Social Upgrading dan Petani Kopi Indonesia dalam Global Value Chains: Studi Kasus Implementasi Praktik Coffee and Farmer Equity (C.A.F.E) Starbucks di Gayo, Aceh
ALODIA AMANDA TIURMAIDA TOBING, Prof. Dr. Poppy Sulistyaning Winanti, M.P.P., M.Sc.
2024 | Skripsi | Ilmu Hubungan Internasional
Perkembangan masif yang dialami perdagangan global memperluas praktik Global Value Chain (GVC) dan memungkinkan keterlibatan semua pihak dalam aktivitas produksi global. Produksi tak lagi diwajibkan dalam bentuk barang jadi, melainkan barang mentah dan setengah jadi. Namun, dalam praktiknya, arsitektur GVC memberi ruang bagi eksploitasi mereka yang berada di tier terbawah rantai produksi. Dari kondisi ini, lahirlah Social Upgrading sebagai penawar arsitektur GVC demi memastikan pemenuhan hak-hak pekerja. Inilah yang dilakukan Starbucks dalam bisnis kopi globalnya, ia memasok kopi dari “The Coffee Belt” seluruh penjuru dunia dan didukung oleh program praktik Coffee and Farmer Equity (C.A.F.E) miliknya. Program ini adalah program sertifikasi wajib bagi para pemasok Starbucks di bawah naungan Corporate Social Responsibility (CSR)-nya. Lebih lanjut, program ini bertujuan untuk memastikan proses sourcing kopi yang etis dan berkelanjutan bagi para petani dan komunitasnya. Di Indonesia, salah satu pemasok langsung Starbucks adalah Koperasi Baitul Qiradh Baburrayyan (KBQB). Melalui kacamata Social Upgrading, tulisan ini menemukan bahwa praktik C.A.F.E Starbucks di Gayo, Aceh telah terlaksana dengan berbagai catatan di KBQB sesuai dengan koridor-koridor indikator Social Upgrading. Namun demikian, evaluasi ini rupanya membongkar kekurangan multifasat yang ada dalam konsep Social Upgrading itu sendiri.

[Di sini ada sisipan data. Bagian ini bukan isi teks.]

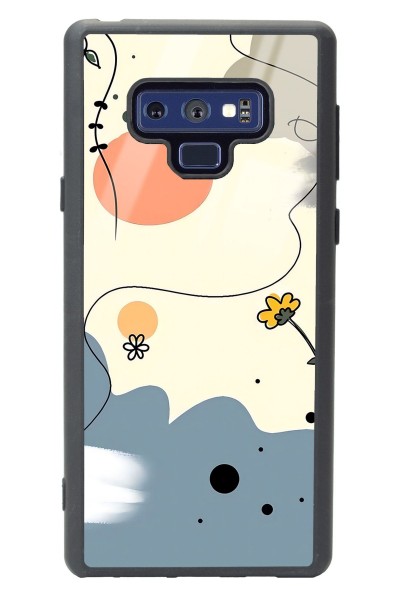 Samsung Note 9 Nude Papatya Tasarımlı Glossy Telefon Kılıfı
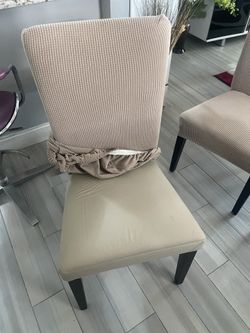 Chairs New 2 Months Old 6 Pieces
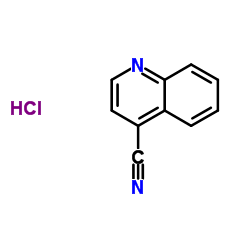 4-Quinolinecarbonitrile hydrochloride (1:1) Structure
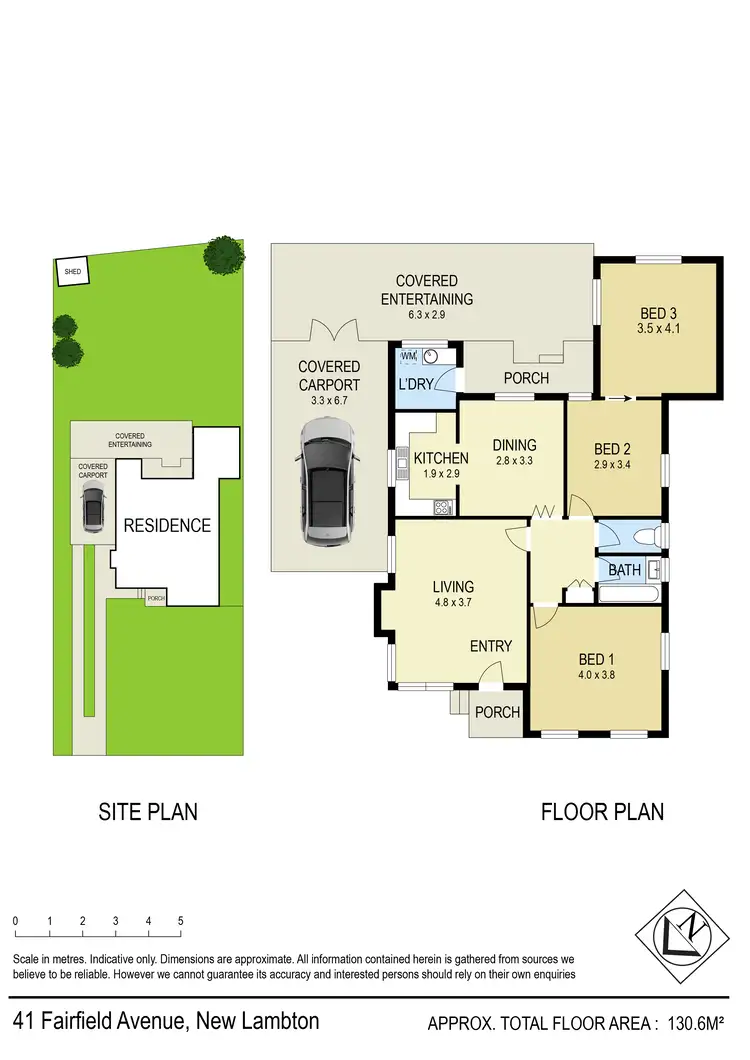 Floorplan of Homely house listing, 41 Fairfield Avenue, New Lambton NSW 2305
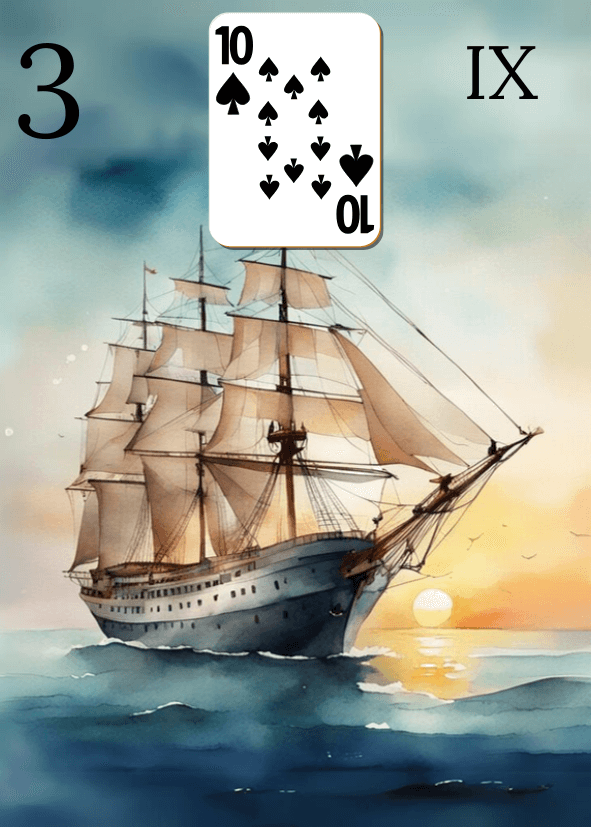 Carte Lenormand 03 Le Navire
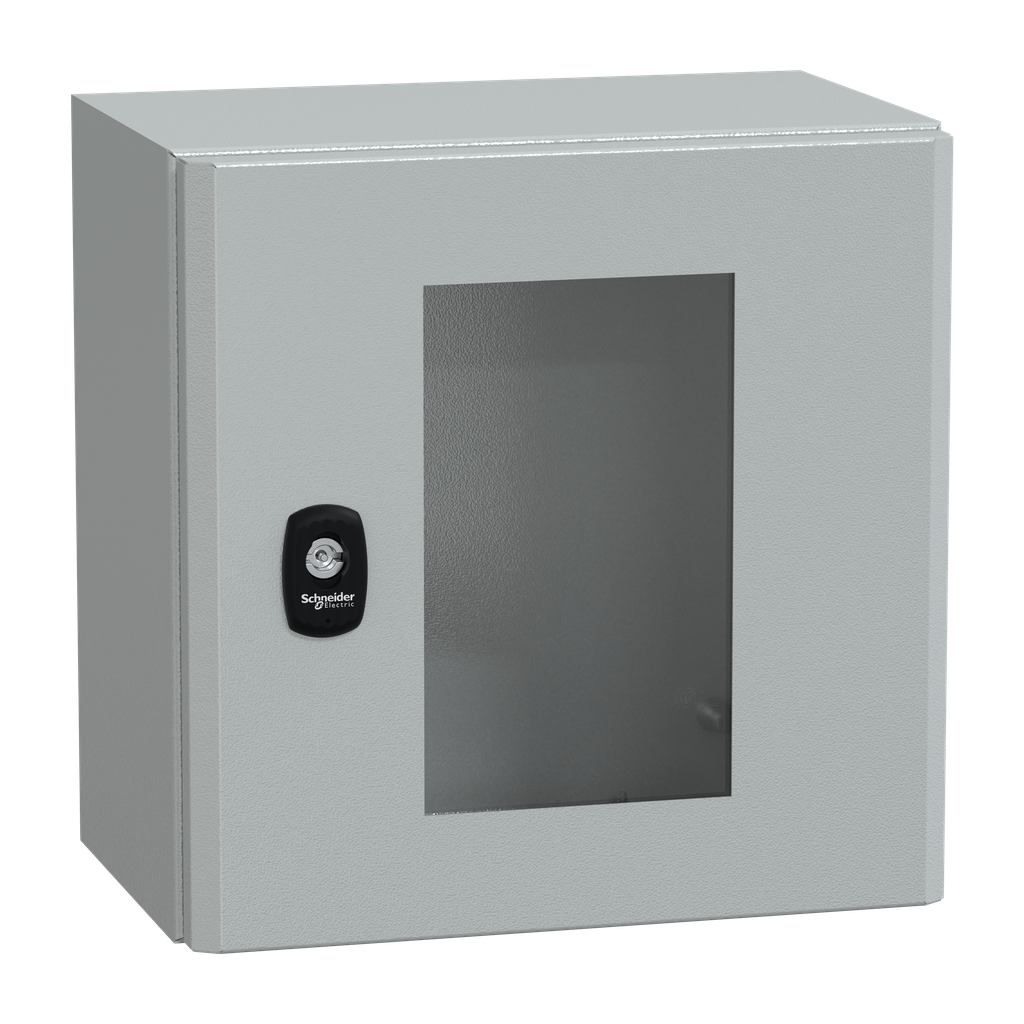 PanelSeT S3D - Enveloppe acier - H300xL300xP200 mm - porte vitrée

The massive growth of global trade has expanded the practice
of Global Value Chains (GVCs) and enabled the involvement of all parties in
global production activities. Production is no longer required in the form of
finished goods, but rather raw and semi-finished goods. However, in practice,
the GVC architecture provides space for the exploitation of those at the bottom
of the production chain. In response to this, Social Upgrading has emerged as
an antidote to the GVC architecture to ensure the fulfillment of workers'
rights. This is what Starbucks does in its global coffee business, sourcing
coffee from "The Coffee Belt" around the world and supported by its Coffee
and Farmer Equity (C.A.F.E) program. This program is a mandatory certification
program for Starbucks suppliers under its Corporate Social Responsibility (CSR)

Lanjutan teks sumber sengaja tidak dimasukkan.